Véritable monstre des lettres, «homme-plume» comme il se définissait lui-même, Gustave Flaubert était un amoureux fébrile de la langue française, obsédé par le mot juste, au point de la triturer voire de la torturer pour lui faire rendre gorge, dans ce qu’il appelait son «gueuloir», véritable épreuve sonore du texte en cours. Ne disait-il pas: «J’aime par-dessus tout la phrase nerveuse, substantielle, claire, au muscle saillant, à la peau bistrée: j’aime les phrases mâles et non les phrases femelles, comme celles de Lamartine.»?

Un épais dictionnaire collectif consacré à Flaubert, sous la direction d’Eric Le Calvez, à travers de nombreuses entrées, nous rappelle cet attachement si particulier du père de Madame Bovary à la langue de Voltaire. Roland Barthes, à son propos, parlait de travail «démesuré, vertigineux, névrotique.» Ce familier des lexiques et des dictionnaires, dont il était le «fauve concubin», comme disait méchamment Léon Bloy, pratiquait volontiers le néologisme, et n’hésitait pas à exhumer tel ou tel mot oublié, ainsi du tourlourou, qui désigne un jeune fantassin. Et n’oublions pas que c’est à lui que l’on doit le terme «médiocratie», bien commode, et bien à la mode aujourd’hui.

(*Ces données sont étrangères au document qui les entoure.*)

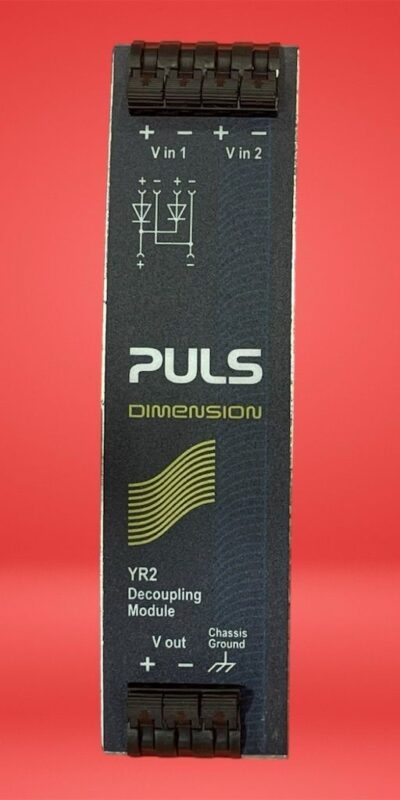Pulse YR2.DIODE Redundant OR-ing Dual Input Diode Module PSU Decoupler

Parmi les articles classiques et attendus de ce dictionnaire, on s’attardera donc sur quelques entrées originales. Ainsi ce pignouf, terme qu’il affectionnait tout particulièrement, qui vient de l’ancien français pignier, signifiant geindre et qui désigne un homme grossier et rustre. Ecoutons-le: «C’est un produit du XIXe siècle que Pignouf ; nous arrivons même à Pignouflard, qui est son fils, et à Pignouflarde, qui est sa bru.» On lui doit également le dérivée Pignouferie.

Dictionnaire Gustave Flaubert, ouvrage collectif sous la direction d’Eric Le Calvez, Classiques Garnier, 1260 p., 68 €.